Faster Incremental Builds with Dune 3

by Etienne Millon on Jul 12th, 2022

In February 2022, we released Dune 3.0. This updated version is the result of considerable development work over the previous six months. Dune 3.0 contains many new features, one of which is “watch mode,” an exciting new feature explained below.

As a build system, Dune’s main goal is to build targets. These targets can be either files (like an executable file) or “aliases,” a group of targets that can have a visible outcome (like running tests). By default, when running a build, Dune receives a target. Dune will then build it and exit. For example dune build (an alias for dune build @all) will build everything it knows about, then exit.

When working on a piece of code, many developers use an edit-save-build loop:

  • Edit a piece of code
  • Save the corresponding file
  • Run a build command

Using the outcome of the build (i.e., Did the build work? Did the tests all pass?), developers start a new iteration of this loop manually, but it’s more efficient to have a quick, automated iteration process. This is the goal of the “watch mode.”

When active, Dune will watch the source files in a project, and when one of them has changed, it will re-execute the same build command automatically and display the results of the build. It doesn’t exit automatically, so it continues watching for changes. This is more efficient because the developer can stay focussed in their text editor and see the build start automatically when the file is saved. You can enable watch mode by passing the -w flag to dune, like dune build -w.

A simple implementation is to have a special process check for file changes in the source tree and run the build command when something has changed. This works, but it isn’t a very precise solution. First because the external process doesn’t know about the relationships between the files, so it will run more builds than necessary. For example, changing a README file usually should not trigger a new build because it isn’t a source file. But also, there are various subtleties to handle. If a file is changed while a build is running, a new build should be started, but the previous one should also be cancelled.
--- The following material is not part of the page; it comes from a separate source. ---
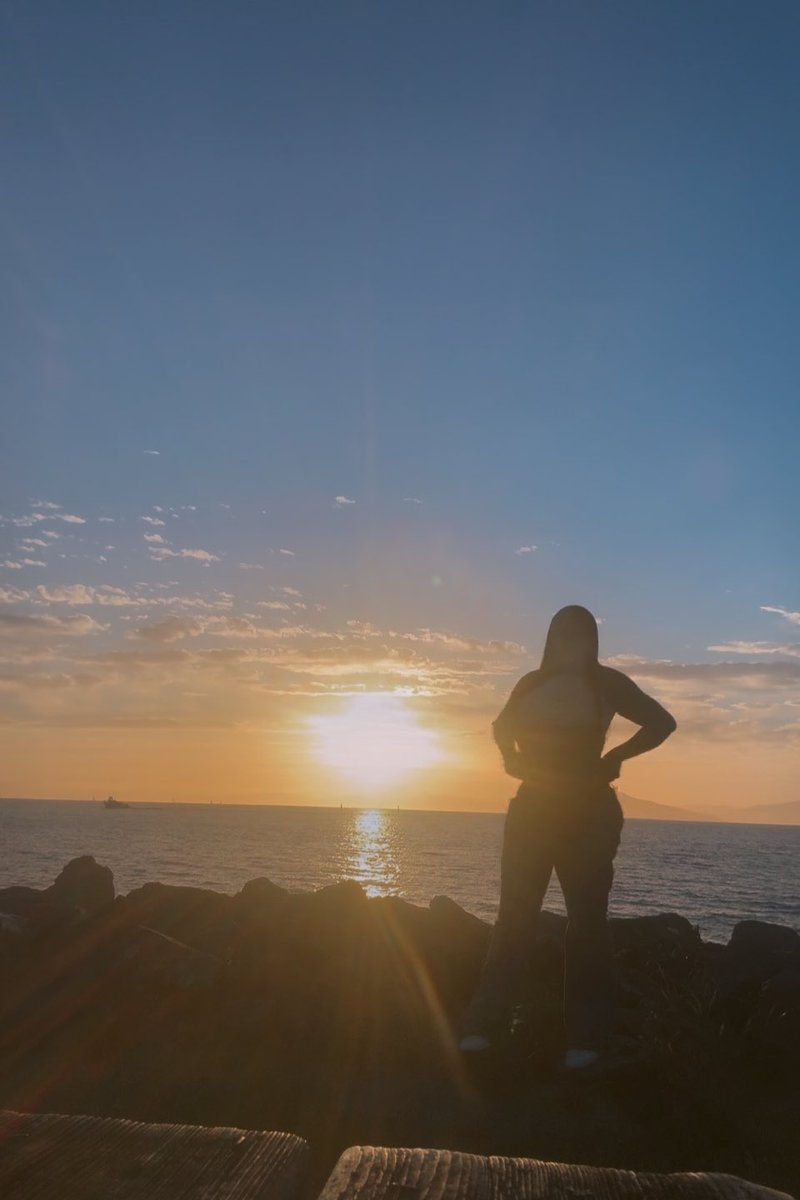 Miss_KaleaRose's tweet photo. Life has no rewind... so enjoy every moment 🌸 https://t.co/jX5PSxXsdW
For these reasons, it’s more efficient to have the build system itself “drive” the watch mode. This is how it’s implemented in Dune 1.x and Dune 2.x. When starting a build in watch mode for a certain target, Dune computes the set of files that can influence this target (using the build rules) and calls an external process that can subscribe to file changes. When a file changes, Dune cancels existing builds and will start a new one.

This is better, but it’s still not very efficient. To see why, let’s see what Dune does and how it can be fast.

To run a build, Dune needs to do two things:

  • Load the rules: detect the workspace (determine which files to consider), parse the dune files (open them, transform them into s-expressions and stanzas), and interpret them (execute the logic to transform the stanzas into rules)
  • Execute the rules: copy files around, call external processes, etc.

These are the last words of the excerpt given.